WASHINGTON - The World Bank has appointed
a new country manager for Iraq despite security
and corruption concerns, according to a leaked
document. The news emerged just days after
outgoing World Bank president Paul Wolfowitz
promised not make any major new appointments at
the institution.
Anticipating that Iraq
could eventually assume a more prominent role at
the bank, its board has periodically issued
official statements - a highly unusual measure -
telling Wolfowitz that it
wanted
to be updated on any major plans for Iraq.
The Government Accountability Project
(GAP), a Washington-based watchdog group, released
an e-mail it says it obtained from sources inside
the bank showing Daniela Gressani, vice president
for the Middle East and North Africa region,
making the announcement.
"I am pleased to
announce the appointment of Mr Simon Stolp as
country manager, Iraq," said Gressani in her
e-mail, a copy of which was seen by Inter Press
Service (IPS).
A World Bank official in
the Middle East department who wished to remain
unidentified confirmed the news to IPS.
Stolp, an Australia national, will manage
the day-to-day affairs of the bank in Iraq,
monitor the bank's lending portfolio there and
manage the bank's office and resident staff. His
appointment was effective as of Monday, Gressani
said in her e-mail. Gressani did not return
telephone calls from IPS for comment.
The
World Bank has not had a major presence inside
Iraq since a bombing on August 19, 2003, claimed
the lives of bank staffer Alya Sousa and 21 United
Nations employees at the UN headquarters in
Baghdad. Since then, the bank's operational work
in Iraq has relied on regular meetings with Iraqis
outside their country and use of the bank's
videoconferencing facilities in Baghdad.
The World Bank runs its operation through
its interim office for Iraq, which is based in
Amman, Jordan. The office employs Iraqis for
operations inside their country.
The new
appointment, which had not been formally announced
by the bank at this writing, appears to confirm
what many analysts have long suspected about
Wolfowitz' relentless attempts to move the bank
back into Iraq - and to boost US policy there -
despite internal opposition and the continuing
high security risk.
Although he has served
for the past two years as president of the bank,
Wolfowitz is best known in many circles for his
role as a primary architect of the US invasion of
the Arab country and as a staunch neo-conservative
ideologue promoting US military interventionist
policies, especially in the Middle East.
In February, IPS reported that Wolfowitz
had been secretly negotiating a contract with a
new resident director in Iraq, despite some
objections from staff and the board of directors.

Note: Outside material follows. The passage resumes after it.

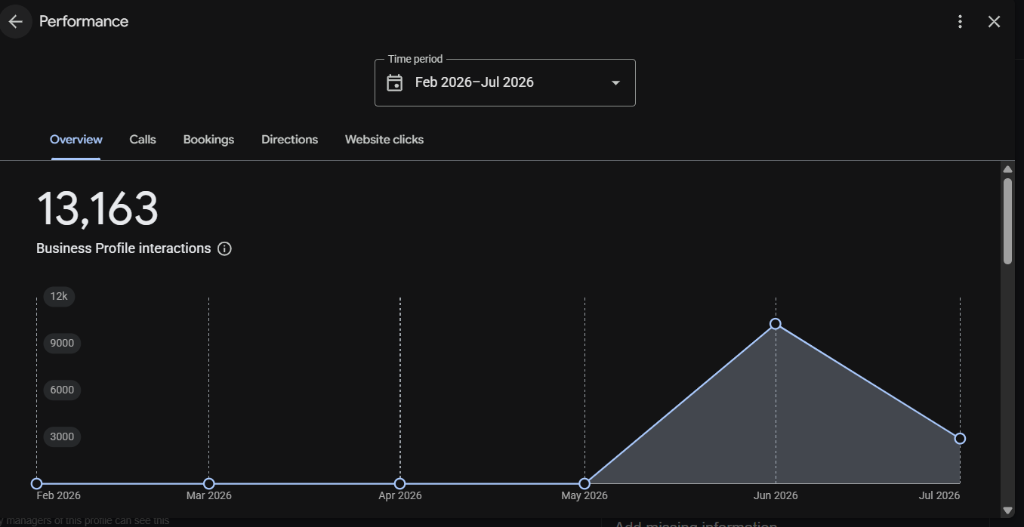 Google Business Profile Interactions (Feb-Jul 2026)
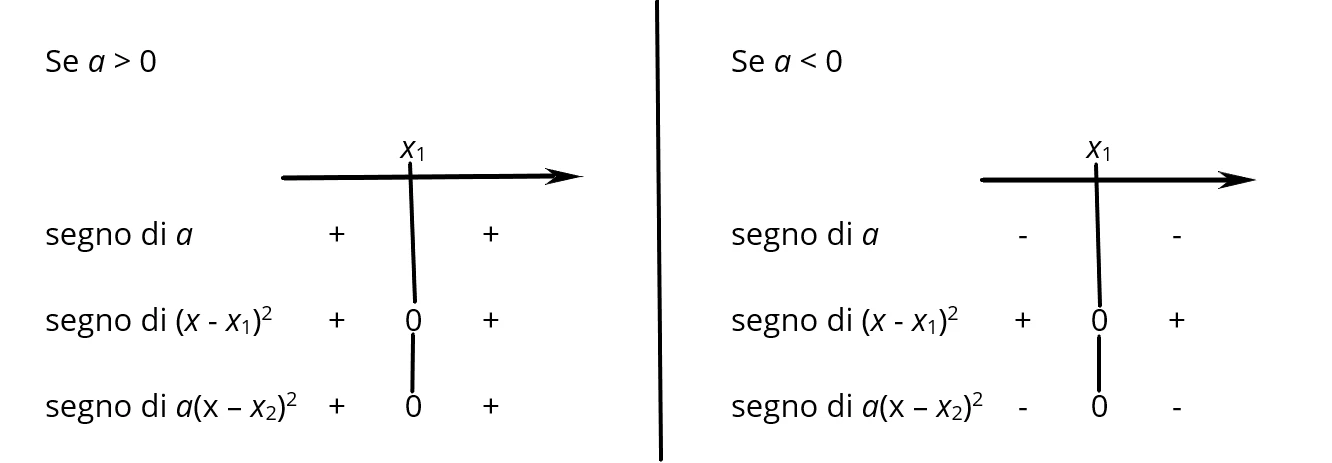 Schema grafico del segno di un trinomio con discriminante nullo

The same month, the bank, still under
Wolfowitz's management, also sought to quell news
that a local staff member had been injured in
Iraq, apparently for fear that the report might
derail Wolfowitz' bid to recruit a new country
manager for Iraq.
Although Wolfowitz
announced his resignation last Friday, the new
development indicates that he is still attempting
to steer the course of the institution.
Through a series of documents leaked from
inside the bank, GAP helped disclose the
favoritism scandal involving Wolfowitz' longtime
girlfriend and colleague Shaha Riza that
eventually led to his ouster. The group noted in a
statement on Monday that the new Iraq appointment
contradicts a statement by Wolfowitz not to make
any key appointments before his scheduled June 30
departure.
"The timing of this appointment
is surprising. Although Paul Wolfowitz did not
explicitly say he would 'recuse' himself from
ongoing personnel decisions at this level, he
strongly implied that he would do so," GAP said in
a statement.
In a May 18 statement before
the bank's board looking into his misconduct,
Wolfowitz said: "I believe all country-manager and
director personnel have been completed for the
spring, so I have no expectation of being involved
in these or any other personnel actions."

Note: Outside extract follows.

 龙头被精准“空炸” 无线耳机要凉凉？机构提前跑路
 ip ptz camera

The appointment likely means the bank will
release new loans to Iraq, despite the
deteriorating security situation and recent
disclosures of massive corruption in
reconstruction efforts.
When Wolfowitz
first came to preside over the World Bank, an
international development agency, in June 2005,
there was an outcry at the board and among some
staff because of his close association with
planning the Iraq war, which has turned into a
major humanitarian fiasco.
Senior staff
and some board members expressed fears that
Wolfowitz' right-wing ideological leanings would
push the bank toward more involvement in the
controversial US occupation of Iraq.
But
for the past year and a half, Wolfowitz has kept a
relatively low profile on the issue and tried
publicly to tone down his ideological convictions.